Keras: Regression-based neural networks

Note: This article has since been updated. More recent and up-to-date findings can be found at: Regression-based neural networks: Predicting Average Daily Rates for Hotels

Keras is an API used for running high-level neural networks. The model runs on top of TensorFlow, and was developed by Google.

The main competitor to Keras at this point in time is PyTorch, developed by Facebook. While PyTorch has a somewhat higher level of community support, it is a particularly verbose language and I personally prefer Keras for greater simplicity and ease of use in building and deploying models.

In this particular example, a neural network will be built in Keras to solve a regression problem, i.e. one where our dependent variable (y) is in interval format and we are trying to predict the quantity of y with as much accuracy as possible.

What Is A Neural Network?

A neural network is a computational system that creates predictions based on existing data. Let us train and test a neural network using the neuralnet library in R.

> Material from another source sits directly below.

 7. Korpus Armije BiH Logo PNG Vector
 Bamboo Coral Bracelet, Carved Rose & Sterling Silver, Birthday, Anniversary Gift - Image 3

A neural network consists of:

Input layers: Layers that take inputs based on existing data
Hidden layers: Layers that use backpropagation to optimise the weights of the input variables in order to improve the predictive power of the model
Output layers: Output of predictions based on the data from the input and hidden layers

Our Example

For this example, we use a linear activation function within the keras library to create a regression-based neural network. We will use the cars dataset. Essentially, we are trying to predict the value of a potential car sale (i.e. how much a particular person will spend on buying a car) for a customer based on the following attributes:

Age
Gender
Average miles driven per day
Personal debt
Monthly income

Firstly, we import our libraries. Note that you will need TensorFlow installed on your system to be able to execute the below code. Depending on your operating system, you can find one of my YouTube tutorials on how to install on Windows 10 here.

Libraries

import matplotlib.pyplot as plt
import numpy as np
import pandas as pd
from sklearn.model_selection import train_test_split
from sklearn.model_selection import cross_val_score
from sklearn.model_selection import KFold
from sklearn.pipeline import Pipeline
from sklearn.preprocessing import MinMaxScaler
from tensorflow.python.keras.models import Sequential
from tensorflow.python.keras.layers import Dense
from tensorflow.python.keras.wrappers.scikit_learn import KerasRegressor

Set Directory

import os;
path="C:/yourdirectory"
os.chdir(path)
os.getcwd()

Since we are implementing a neural network, the variables need to be normalized in order for the neural network to interpret them properly. Therefore, our variables are transformed using the MaxMinScaler():

#Variables
dataset=np.loadtxt("cars.csv", delimiter=",")
x=dataset[:,0:5]
y=dataset[:,5]
y=np.reshape(y, (-1,1))
scaler_x = MinMaxScaler()
scaler_y = MinMaxScaler()
print(scaler_x.fit(x))
xscale=scaler_x.transform(x)
print(scaler_y.fit(y))
yscale=scaler_y.transform(y)

The data is then split into training and test data:

X_train, X_test, y_train, y_test = train_test_split(xscale, yscale)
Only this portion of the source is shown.